Village in Somerset, England

Wraxall is a village in North Somerset, England, about 6 mi west of Bristol. Until 1811 the parish of the same name also included Nailsea and Flax Bourton. The village is now within the parish of Wraxall and Failand.

==History==
The origin of the name Wraxall, which is shared with other villages in Somerset, Wiltshire and Dorset, is thought to be "a nook of land frequented by buzzards".

Earthworks of an oval defended settlement, surrounded by a bank and ditch, indicated the site of an Iron Age defended settlement 400 m south of Manor Farm.

Wraxall Court was the original manor house. After the Norman Conquest the Manor belonged to the De Wrokeshale family until it passed to the Moreville and then Gorges family by marriage. The parish of Wraxall was part of the Portbury Hundred. In Victorian times the Ford family lived at the Court. it was taken over by the Admiralty during the Second World War and later became a Hall of Residence for Bristol University.

Earthworks from a deserted medieval settlement, 300 m east-south-east of Wraxall House, indicate houses, enclosures and possibly a watermill which were occupied in the Middle Ages.

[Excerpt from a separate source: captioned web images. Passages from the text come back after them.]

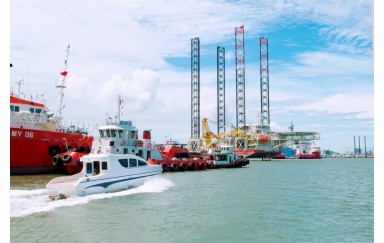 Tour tham quan cụm cảng thương mại dịch vụ biển
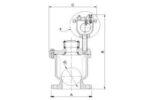 Double-Orifice-Air-Relief-Valve-FIG9101A-2.jpg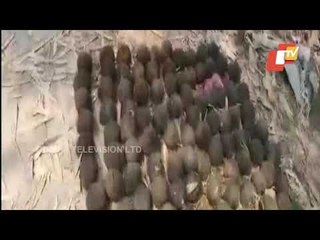 Download Video: 200 Crude Bombs Recovered From Bamboo Garden In West Bengal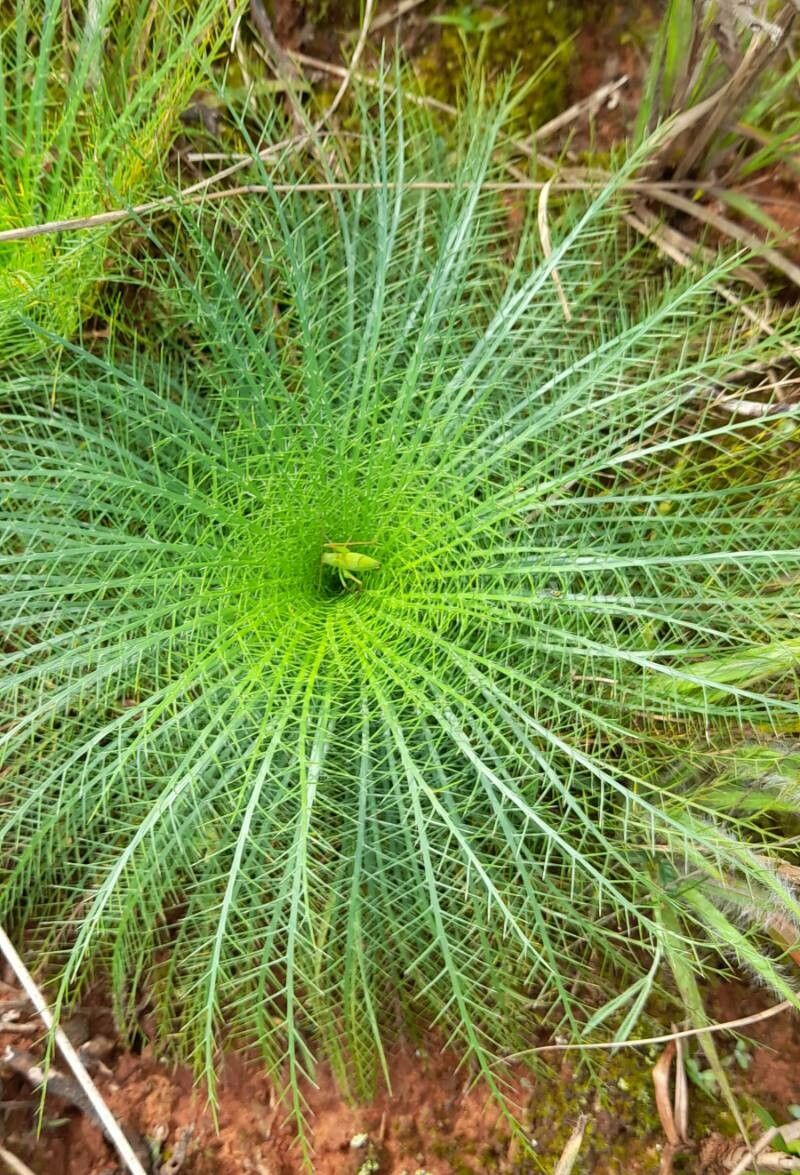 Eryngium pristis habit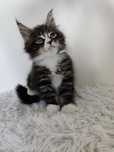 Maine Coon/ piękny kocurek / FPL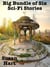 Big Bundle of Six Sci-Fi Stories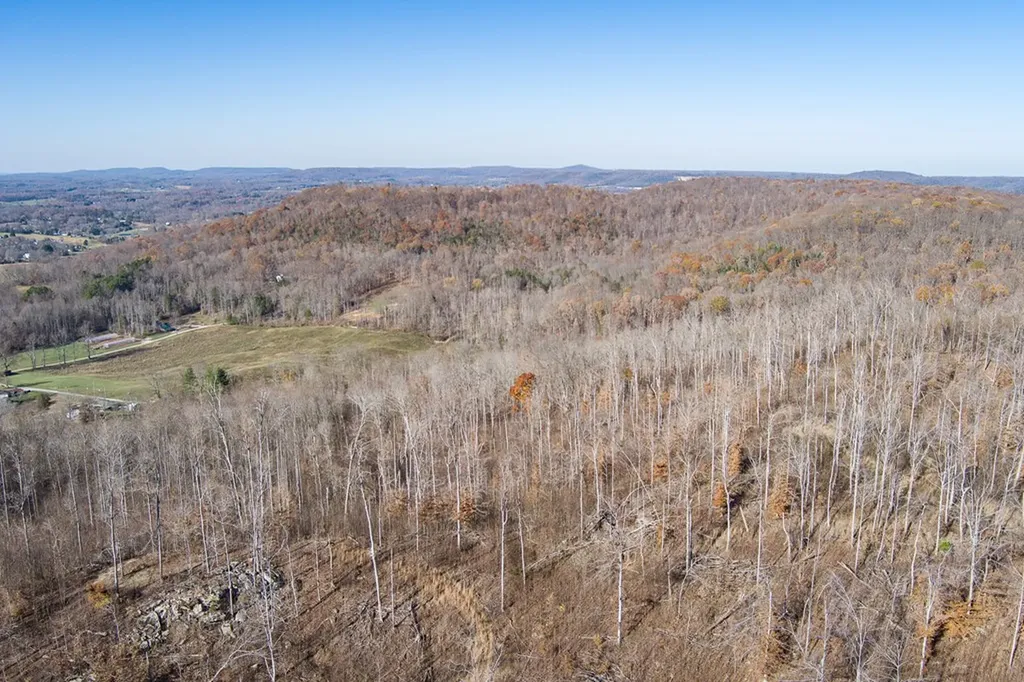 54.88 Ac Nelson Lane Rickman TN 38580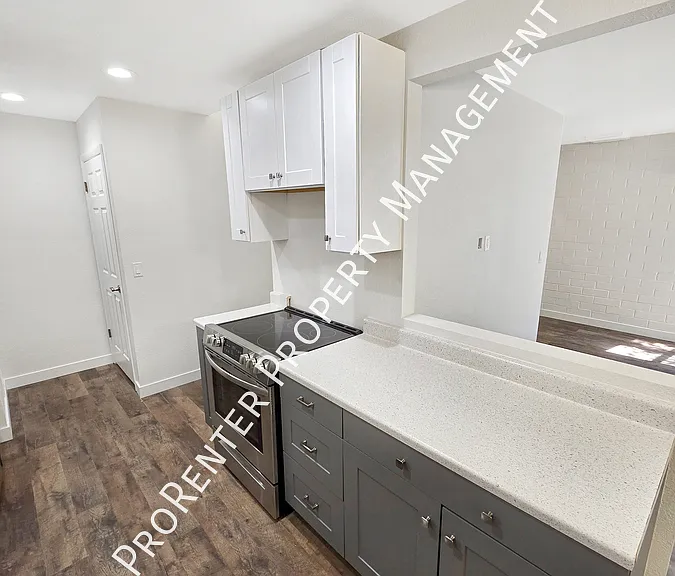 975 E Essex Court Way #3 — Photo 10
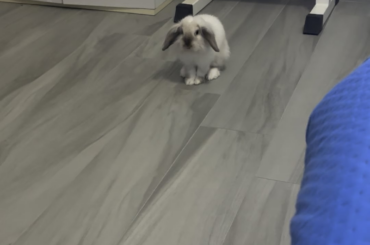 hop!!!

The only waterwheel still operating on the Land Yeo is at Watercress Farm. The 6 ft diameter wheel, which was built before 1885 and is housed in a small brick building, is used as a water pump. The other mill in the parish of Wraxall operated in the 18th and 19th centuries. It fell out of use by 1885 and was a ruin by 1950. The mill was demolished in 1961 to allow for the road widening and straightening of Wraxall Score. Today the only remains are crumbling walls by the entrance to Wraxall House.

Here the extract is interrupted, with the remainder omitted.